- _TASK TO CARRY OUT_
Everything from the line with "I am changing" to the end of the data below, both lines included, should be transcribed exactly; please omit the pictures.

- _SUPPLIED MATERIAL_
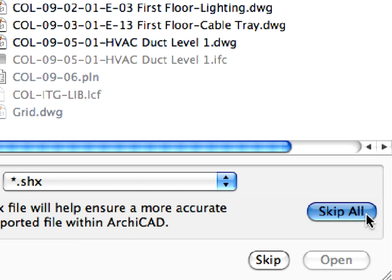AutoCAD users are encouraged to distribute SHX font files free of charge, however, Graphisoft cannot provide you with such files as part of this training guide, due to proprietary reasons.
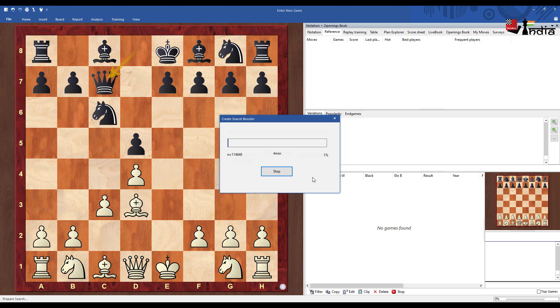Now because I have just installed the mega database for the first time it will create a search booster which takes some time but it's a one-time thing. Once the search booster is created it will show up the results very quickly. So let's give it some time for the search booster to get created and then we can move forward.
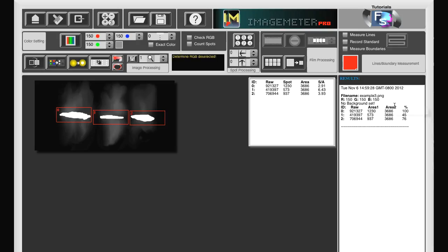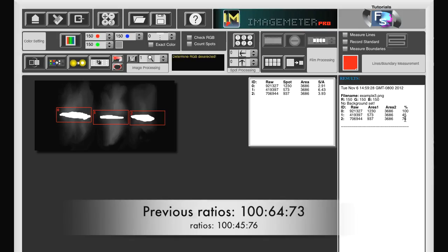And now we get the ratios. These ratios seem to be more reasonable than before. The number 3 band has a larger density than the number 2. And of course, number 1 has the largest density, since it is the reference band with 100%.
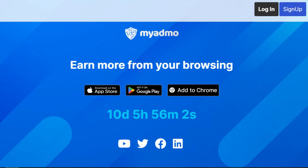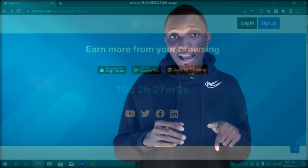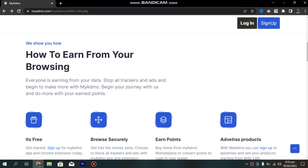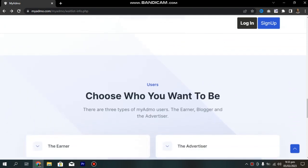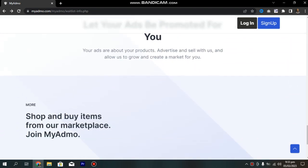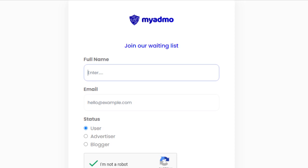They call this app 'MyAdmo.' The app is not yet out — you can see the countdown on their website. I've left the link in the description below. If you visit the website, you'll get more information about everything I've described. Those of you who are interested can sign up on the waiting list so that as soon as the app is released, you'll get a notification, download it, add it to your Chrome, and start using it.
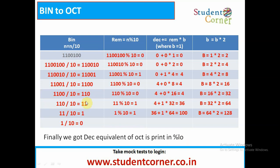First, we take the number and divide it by 10 to get the remainder. Initially b is set to 1. The remainder is 0, so 0 plus 0 into 1 equals 0, and b becomes 1 into 2 which is 2. Next, n is decreased — divided by 10 — and we take mod 10 again, getting remainder 0. So 0 plus 0 into 2 is 0, and b becomes 2 into 2 which is 4.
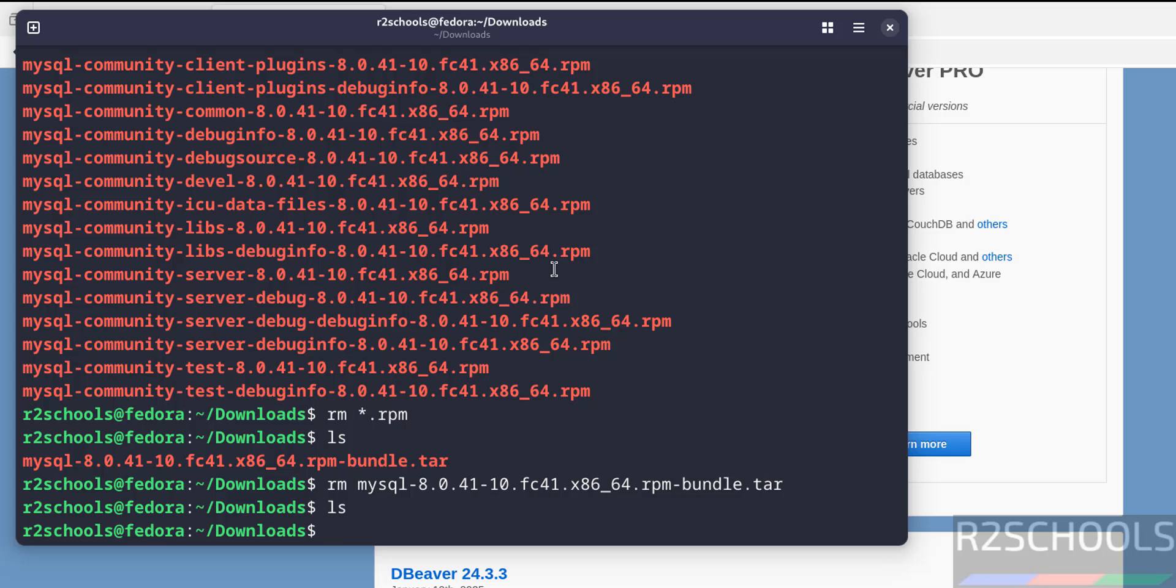So in this video we have seen how to download, install and configure MySQL 8.0.41 on Fedora Linux. For more MySQL tutorials, please subscribe my channel. Thank you.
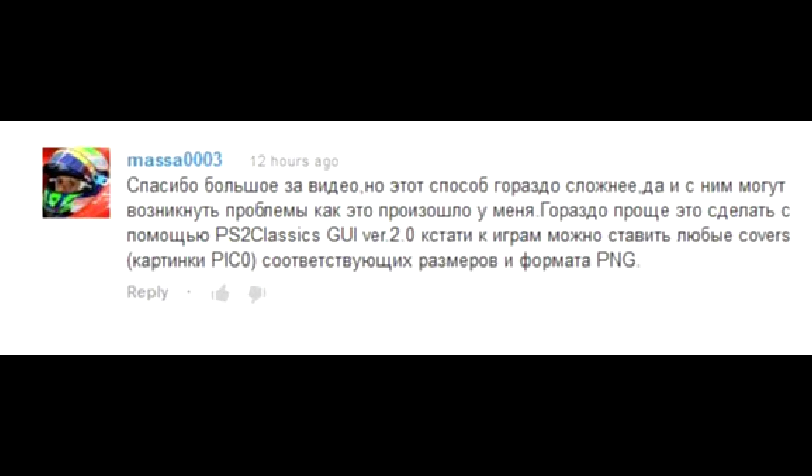It turns out my tutorial about creating PS2 titles PKGs was not exactly what my viewers expected me to show. So it's high time to address this.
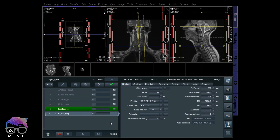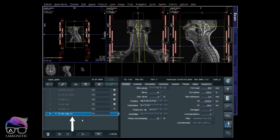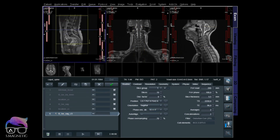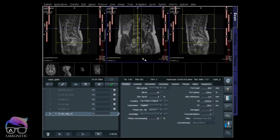I have one last tip for you today which I find very important. I got this tip from my good friend Aspen Anderson, who I mentioned in an earlier video - he shares a lot of MR tips and tricks. I've already pulled down a localizer for the lumbar as number five in the line. Let's run that and I'll rename the T2 for lumbar and position it as a standard lumbar.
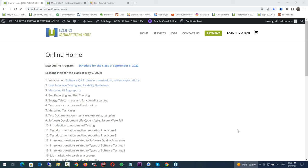I am changing the way we teach this class. We started the online program in 2011. This school was started in 1994, making us the very first software testing school in the world. I'm trying to make changes all the time, and I expect you to help me with those changes. I need your opinion.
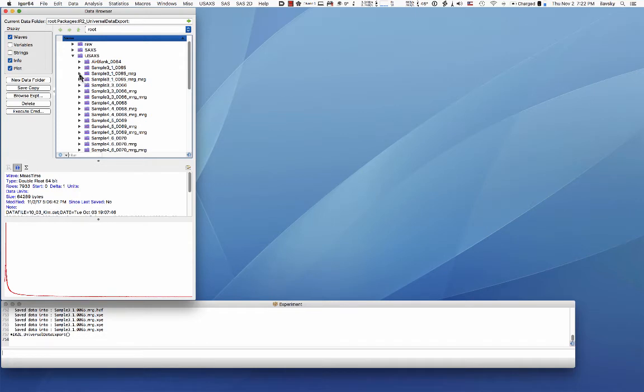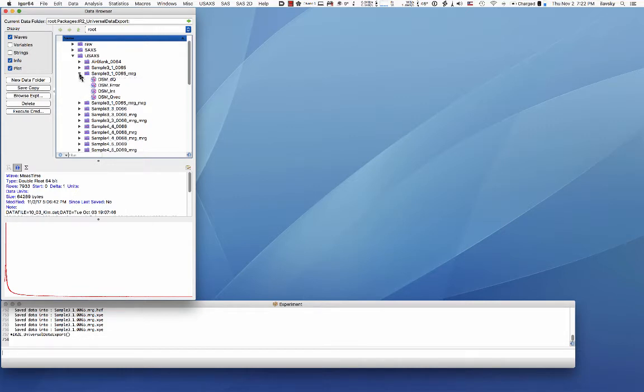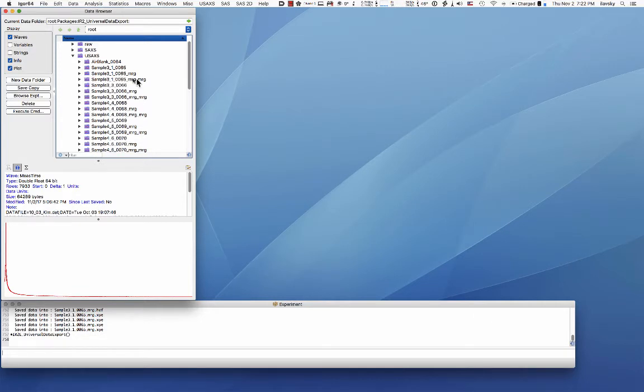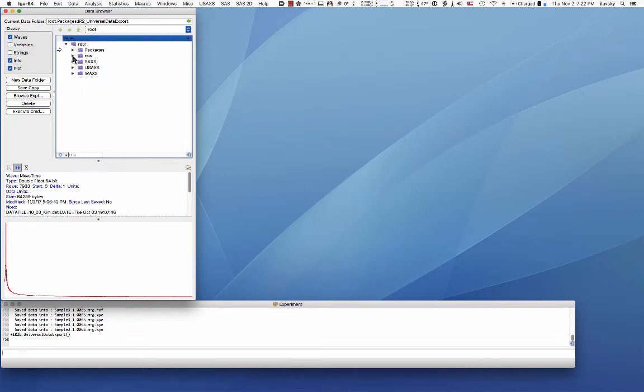Since our instrument collects data in three different segments then you can match it together with the SAXS data and then it's still USAXS type data but it's only the de-smeared data. They are longer by the SAXS segment and then you can actually attach to it a WAXS data but it's not necessary.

- _WRITTEN RESPONSE_
I am changing the way we teach this class. We started the online program in 2011. This school was started in 1994, making us the very first software testing school in the world. I'm trying to make changes all the time, and I expect you to help me with those changes. I need your opinion.
Since our instrument collects data in three different segments then you can match it together with the SAXS data and then it's still USAXS type data but it's only the de-smeared data. They are longer by the SAXS segment and then you can actually attach to it a WAXS data but it's not necessary.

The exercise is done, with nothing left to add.